The compiler doesn't need to itself be able to execute the operations it will generate, it just to be able to write them to the output.
ah of course thank you very much
c++ will indeed let you directly tap a register. Its going to tie your code to one computer type, but you can embed assembly language in c++ either by compiling it alongside the c++ code or by embedding it (language extension that almost all compilers support) such as the __asm keyword to make an assembly block. You can use this to invoke system calls. There are probably APIs out there to let you make low level system calls without having to DIY, but I don't know anymore... I only use assembly very sparingly, the one case that it pops up over and over for me is endian flipping large amounts of backwards integers.
c++ will indeed let you directly tap a register [...] by compiling it alongside the c++ code
If you're assembling code independently of the C++ compiler and then linking it with the rest of the program, how exactly is that something C++ lets you do?

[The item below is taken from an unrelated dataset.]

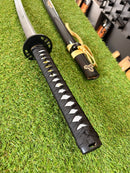 Katana Kill Bill Hattori Hanzo Afiada Full Tang OIF-A153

embedding it (language extension that almost all compilers support) such as the __asm keyword to make an assembly block.
Although many compilers support inline Assembly in one form or another, the syntax is not necessarily portable from one compiler to another. And anyway it's still not C++, for two reasons: first, the inline Assembly syntax is not part of the C++ standard; and second, you have to write in Assembly, not in C++.
stav wrote:
how exactly does libc (and windows version of the runtime library) implement syscalls?

Minor point, libc doesn't actually "implement" system calls: the OS kernel implements them. libc invokes system calls, as needed.

For example, libc implements the C library function strlen, which doesn't invoke any syscalls. Libc also implements the C library function fopen, which invokes a syscall. On a Unix (MacOS, Linux, etc), that syscall will be likely invoked through the POSIX API "open()".

stav wrote:
say, you wanted to create a new language, would you have to manually implement a runtime library with wrappers for every single syscall (for every single architecture) for every single platform you wanted to run on?

Yes, and since the number and meaning of syscalls is totally different between operating systems and changes version to version, you'd have to write some abstractions to make your language portable. Or just implement C interop and make your runtime call C or POSIX/WinAPI, which already did that work.
The operating system supports a binary interface to make system calls. As with higher level functions, this involves putting the arguments somewhere well known (on the stack, in specific CPU registers, etc), and leaving the results somewhere equally well known. But the big difference is that the call itself is usually invoked via an interrupt of some sort. This causes the processor to change to a privileged state and jump to some specific address setup by the OS. The OS then implements the call and returns from the interrupt.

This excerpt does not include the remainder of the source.